I'm not one to say how you look sets the example-I personally believe it's how
you act and what you do with what you're given. I say be the role model to the
scouts and strive to set an example of someone dedicated to rise above physical
limitations and to become a better person. That's what scouting is all about.
I've supervised many adult troops who choose to, or not to follow in my
footsteps. These are adults, kids are more susceptible to the influences of
their surroundings and thus follow the examples of those they most admire.
Doing the right things and living by values which are respectable and honest
set you apart from others. Values however are an individual attribute which is
influenced by culture-it's best to remember the culture that is provided in
scouting and whether it's best for all involved.
SSgt John R. Knotts
United States Air Force
From: SES207 [SMTP:SES207@aol.com]
Sent: Wednesday, May 13, 1998 8:55 PM
To: Multiple recipients of list
Subject: Re: SPONSOR
You make and articulate one of the better points of this discussion. I am
personally torn by my belief that homosexuality is immoral; therefore, I do
not believe it fits with the Scout Oath. At the same time, I am overweight
(confession time?) and am not a great example of "physically strong." As un-
proud as I am of my size, however, I do not believe these to be equal in their
influence on youth. I have 43 years in Scouting and have NOT found my Scouts
eager to grow up to <look> like me! (I hope I have had some good influences in
other areas, however.)
Scouts (Sea Scouts included) are subjected to those who have different values
wherever they go. Yes, in and outside school, they are exposed to all kinds of
"alternative" life styles (a term I personally do not care for) .But I do not
believe this should mean that BSA should not have standards for membership. It
is my personal belief that these "standards" have been <very> instrumental in
Scouting having enjoying the reputation it has in this country since 1910.
So we're in a dilemma, I believe, and I don't know how to resolve it. I'm not
sure an open-door policy is best. Maybe I'll be convinced by someone wiser and
more open-minded, although I personally try to see things like this from
anyone and everyone's perspective.
Thanks for your thought-provoking input. I hope we can continue dialogue on
this issue which does not appear to me, at least, to have an all-round
acceptable solution. As long as we respect each other's right to an opinion,
this discussion need not get ugly!
R. Carroll Sasser
Chairman, Ship 207 Committee
In a message dated 98-05-13 10:50:54 EDT, email@example.com (Jack Durish)
> I agree that the sponsor should have the right of deciding issues of
> membership. Indeed, within the chartering agreement they accept
> responsibility for checking the credentials of adult leaders to make
> certain that they are morally fit. However, Scouting Central has taken
> it upon itself to step in an override the decision of the Chartering
> organization when they find an adult leader who does not meet "their
> moral standards." Therein lies the rub.

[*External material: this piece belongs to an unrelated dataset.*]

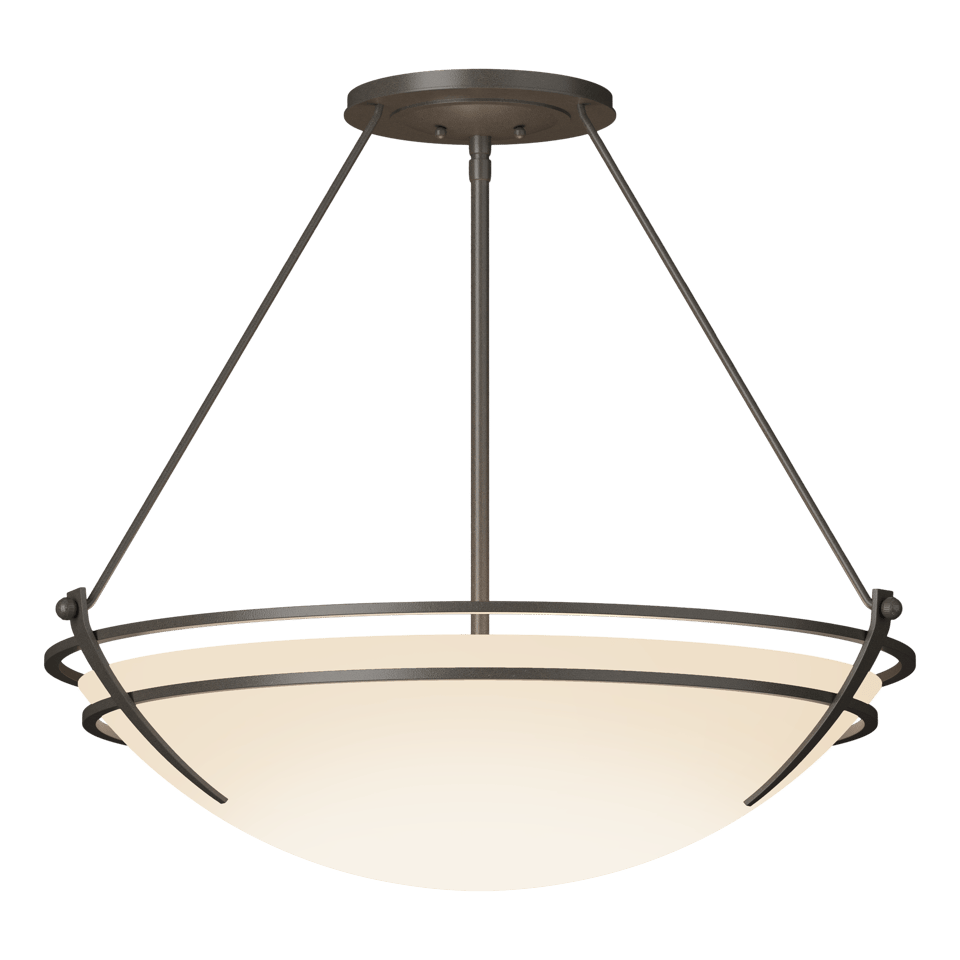 Hubbardton Forge Presidio Tryne Large Semi-Flush Fixture, Handcrafted Steel & Glass, 100W, 28.6" Diameter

> We need to make certain that the children in our care are safe. They
> should not be exposed to anyone's sexual philosophy - hetero- or homo-.
> They should not be subjected to anyone else's religious philosophy.
> These are family values... to be taught in the family.
> I am simply asking for that right. To protect the children.
> Discriminating against gays and people with religious views other than
> my own (or your own) does not serve that purpose.
> I am pushing this issue because we, as Sea Scouters, are the first to
> feel the consequences of the BSA's discriminatory practices. Pack and
> Troop leaders can dodge the issue by stowing a few tents in their attic
> and meeting in church halls and other private facilities. We have far
> greater expenses and require greater community support.
> Yes, I would love to return to those wonderful, anarchic days of yore
> and spurn all governmental support. Within the shores of my native
> Chesapeake Bay I could find a quiet cove with a cheap marina to shelter
> our vessel. But, have you looked at an atlas of the California coast
> lately? There are only two natural harbors; San Diego and San Francisco.
> Dana Point Harbor, Oceanside Harbor, and so many more - even the world
> famous harbors of Long Beach and Los Angeles were created by laying
> breakwaters across bights in the coast line. This was accomplished using
> public funds and the public determines who enjoys these facilities. And,
> the public has determined that the Boy Scouts will not enjoy any special
> advantage so long as they engage in discriminatory practices.
> This issue is being laid in our laps first, and we Sea Scouters need to
> take the lead or we will follow the Boy Scouts to oblivion.